# Bath Remodel



## oldognewtrick (Feb 9, 2020)

We've been wanting to gut the hall bath since we moved in 10 years ago, so last week we bought new tile for the floor and tub surround. Bought a new vanity and countertop. There was this funky wall that seperated the sink, toilet and tub. The plans to remove it and open the room up. 

Day 1. Vanity and funky wall are gone. When I went to turn off the water under the sink the iron stub broke off in my hand which required a 40 yard dash to the main shut off. Trip to Lowe's, solder new fittings and replace the old shutoffs and then continued demo. Surprised only one small cut on my left hand, didn't even need a bandaid. If I don't have a bandaid on a part of my body it's because I haven't done anything. 

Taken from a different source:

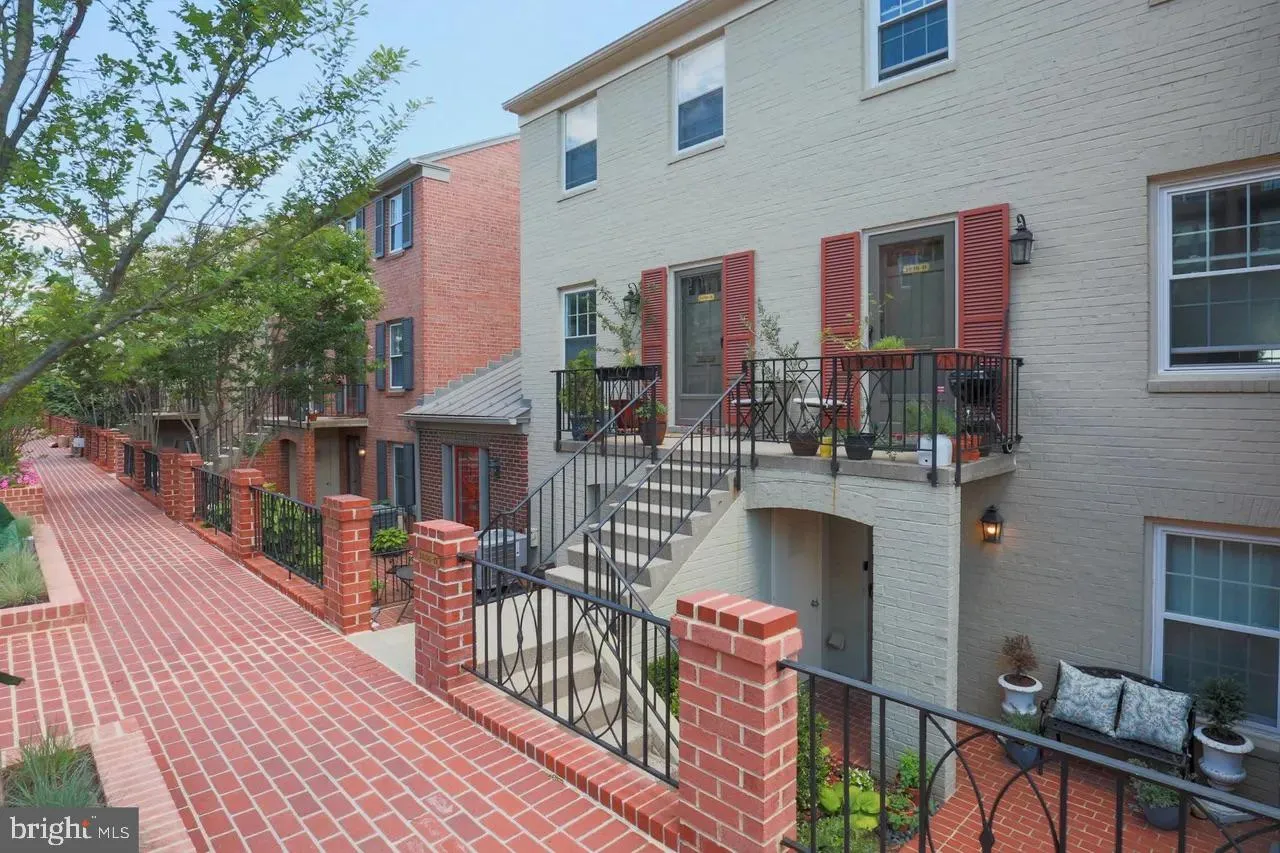 1636 BEEKMAN PLACE, Washington, DC 20009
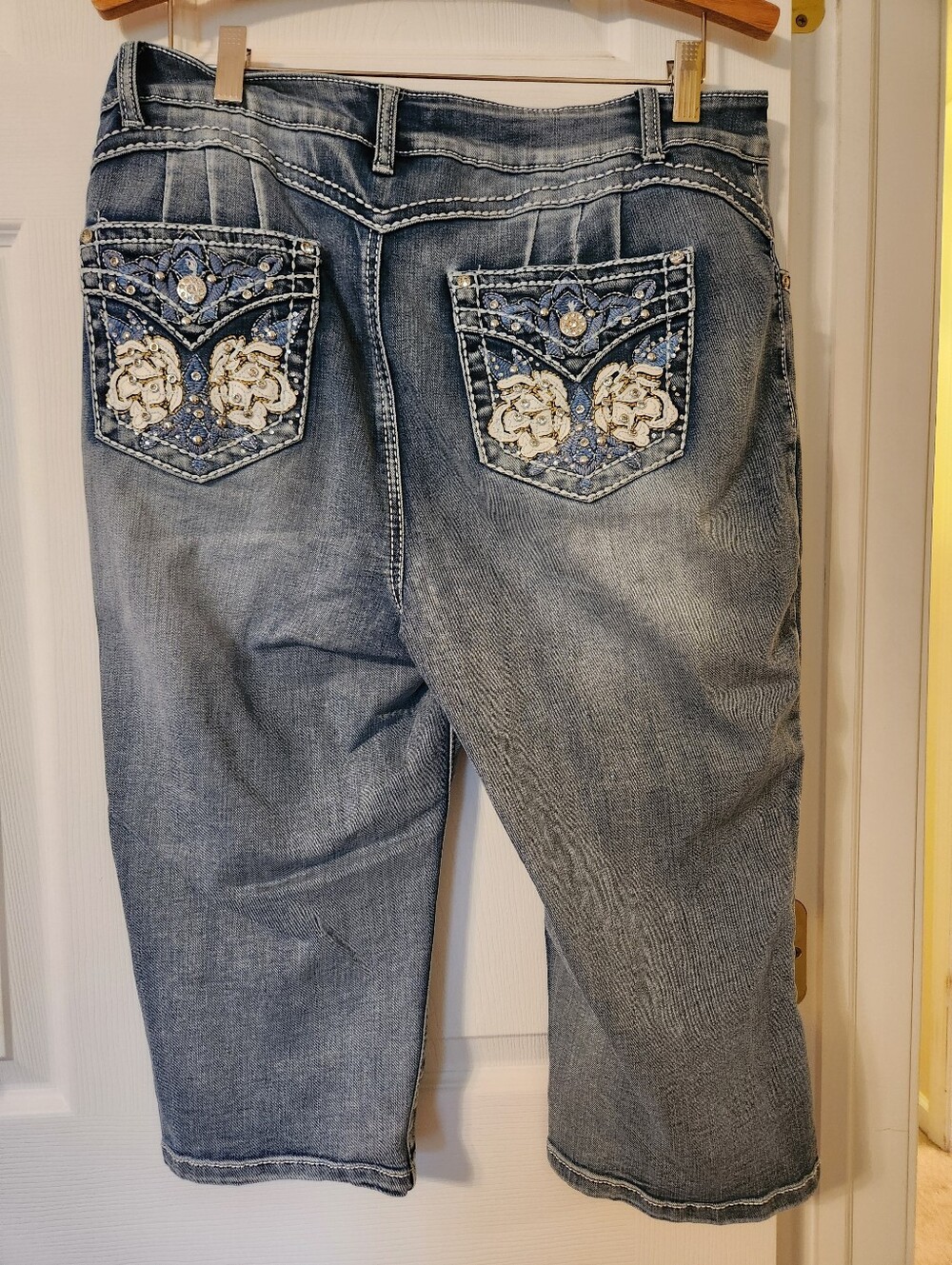 Blue Savvy, Women’s capris with Decorative Back Pockets, sz 16w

Now, somehow I need to convince Mrs Oldog that renovations aren't done in an hour like on TV.


----------



## tuffy (Feb 9, 2020)

Looking good. I feel the same way about the band aid. The older I get the more I bleed. And my wife thinks the same way!


----------



## zannej (Feb 9, 2020)

Looking good so far. Sorry to hear about the mishap but glad you were able to fix it and didn't need a bandaid. I'm looking forward to seeing more of this project. It inspires me to get my fat behind in gear more.


----------



## bud16415 (Feb 10, 2020)

Looks good man.


I could never figure out what those commode walls were all about, as I get older I like more space not less. When I redid our upstairs bathroom I didn’t want to move the 4” cast iron pipe but the toilet was uncomfortably tight in a corner so I turned it as far as I could without the tank hitting the wall. About 30-40 degrees I guess. It is like if you put a chair in a corner you would angle it a little. I did it and wondered if I would be in trouble she never said a word and guests have said several times why doesn’t everyone do that.

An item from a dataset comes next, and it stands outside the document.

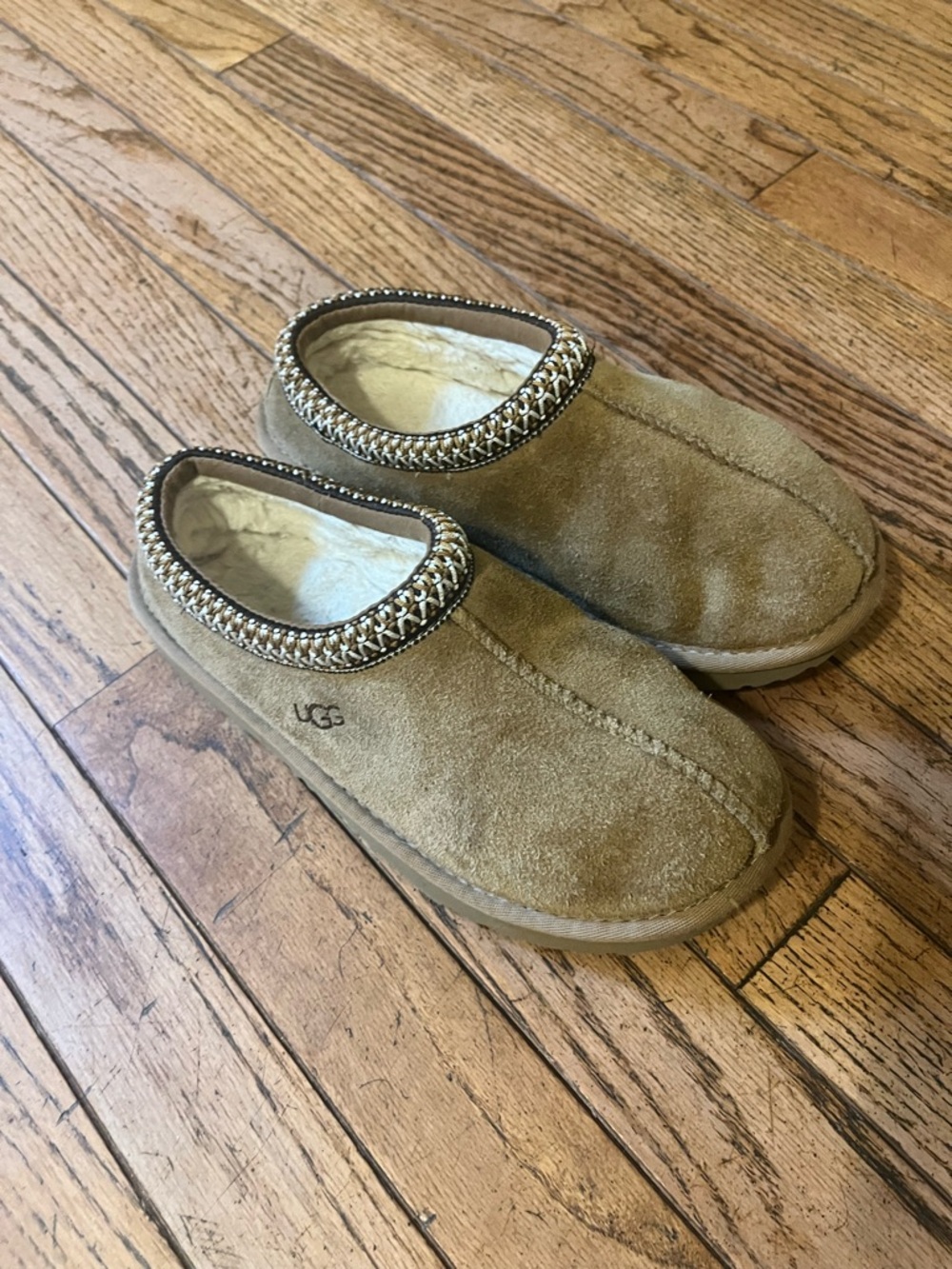 Girls Ugg Tan Tasman Slides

As to bleeding now I’m on blood thinner every job seems to get a little. I’m a paper towel and masking tape kind of a DIY guy when it comes to Band-Aids.


----------



## oldognewtrick (Feb 10, 2020)

Day 2. Didn't get as much done as I had hoped for. Got a call from someone I put a chimney cap on a couple years ago and he said the chimneys leaking again. So, drove down to Springhill and the cap is fine. Water leaking through crappy mortar joints.

I did get most of the wall tile off and drywall demo'd. Pulled out the old wall insulation that had gaps and tomorrow I'll insulate and weather seal the outside wall. Then start on the floor that I'm confident is going to be a royal pain.


----------



## zannej (Feb 10, 2020)

At least it's progress and it looks good, oldog.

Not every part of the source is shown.